Selon les définitions américaines reprises internationalement, un navire (ou véhicule) de surface sans pilote (Unmanned surface vessel-vehicle –USV –, parfois désigné Autonomous surface craft – ASC – ou encore Autonomous surface vehicle-vessel – ASV) est une plate-forme capable de se déplacer à la surface de l’eau sans équipage. Les véhicules sous-­marins sans pilote (Unmanned underwater vessel/UUV), parfois appelés drones sous-­marins, sont eux des engins capables d’opérer sous l’eau sans personnels embarqués. Ces véhicules sont répartis en deux catégories de véhicules télécommandés (Remotely operated submersible/underwater vehicles – ROSV/ROUV) par un opérateur humain à distance ou de véhicules autonomes (Autonomous submersible/underwater vehicles – ASV/AUV) qui fonctionnent sans intervention humaine. Les torpilles et certaines mines répondent déjà à cette définition.

Les USV et les UUV participent à l’action dans le domaine aéromaritime aux côtés des drones aériens (Unmanned aerial vehicle – UAV) et des drones terrestres (Unmanned ground vehicle – UGV). Tous participent à la surveillance de l’environnement et peuvent contribuer à aider une force navale ou un bâtiment à manœuvrer dans l’espace littoral. Pour l’instant, ce sont les drones aériens qui remplissent le plus grand spectre de missions. Avec l’introduction d’une torpille anti-­cité contrôlée comme un drone, la Russie donne au drone sous-­marin une fonction dans la dissuasion nucléaire. Une étude chinoise souligne que les drones ou engins sans pilotes changent profondément le visage des guerres récentes, révélant « un grand potentiel de développement et de brillantes perspectives d’application ». Ses auteurs pensent que « les équipements sans pilote représenteront un plus grand potentiel de développement dans les guerres futures (1) ». Ils listent leurs avantages : pertes humaines limitées, faible coût, configuration flexible et furtivité, concluant que les drones jouent un rôle de plus en plus important dans «  les frappes militaires et l’alerte avancée  ». Ils ajoutent : «  Nous croyons que l’équipement sans pilote a un grand potentiel dans trois aspects essentiels de la guerre : la reconnaissance, la puissance de feu et le soutien [logistique] (2) ».
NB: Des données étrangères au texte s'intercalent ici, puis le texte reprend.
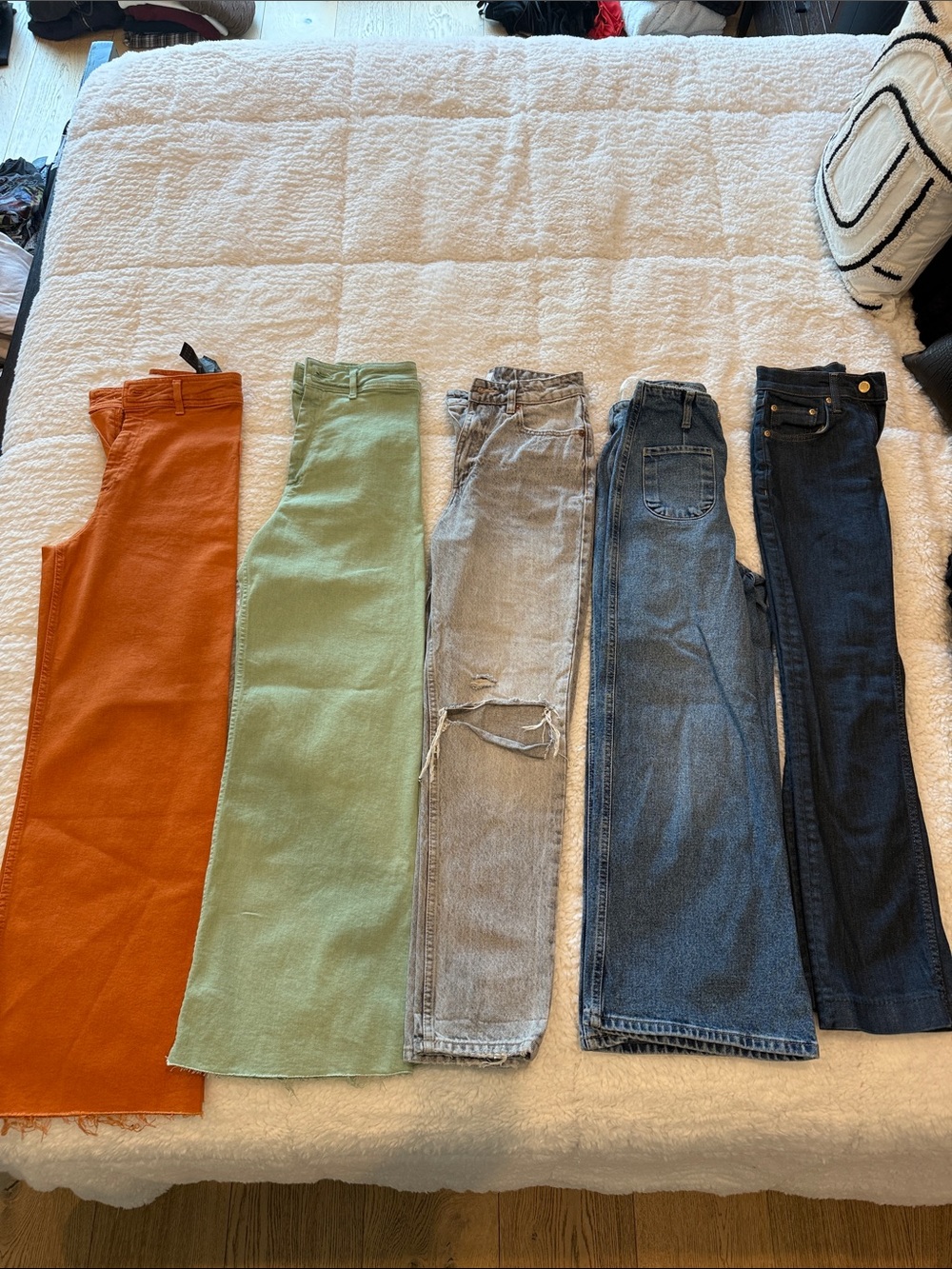 Zara Orange, Mint, Light Gray, Medium Blue & Dark Indigo Wide-Leg Jeans Set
Les gains attendus paraissent liés à la réduction d’un désavantage numérique en matière de plates-­formes traditionnelles, tout particulièrement pour les États-Unis face à la Chine et pour la Russie face à l’OTAN, et à l’amélioration des capacités de surveillance et d’interdiction, tout particulièrement pour la Russie et la Chine.

Compenser le déficit de plates-formes

L’US Navy espère développer une « flotte fantôme » de navires sans équipage pour rattraper son déficit numérique face à la montée en puissance de la marine chinoise. Améliorant la connaissance en temps réel du champ de bataille, ces drones ouvrent la perspective de participer à la lutte anti-­sous-­marine et antisurface au-delà de leur apport à la guerre des mines. Même si les drones ne seront pas comptabilisés dans l’ordre de bataille de l’US Navy, leur nombre sera déterminant aussi bien pour remplir des missions actuellement imparties aux destroyers et sous-­marins que pour réduire la vulnérabilité des unités majeures en augmentant le nombre de cibles à traiter par un adversaire. De 2021 à 2025, la marine américaine voudrait affecter 2,2 milliards de dollars aux navires de surface sans équipage, ou USV, et 1,9 milliard de dollars aux navires sous-­marins sans équipage, ou UUV. Elle devrait dépenser 941 millions de dollars en USV et UUV rien qu’en 2021, soit une augmentation de 129 % par rapport à 2019 (3).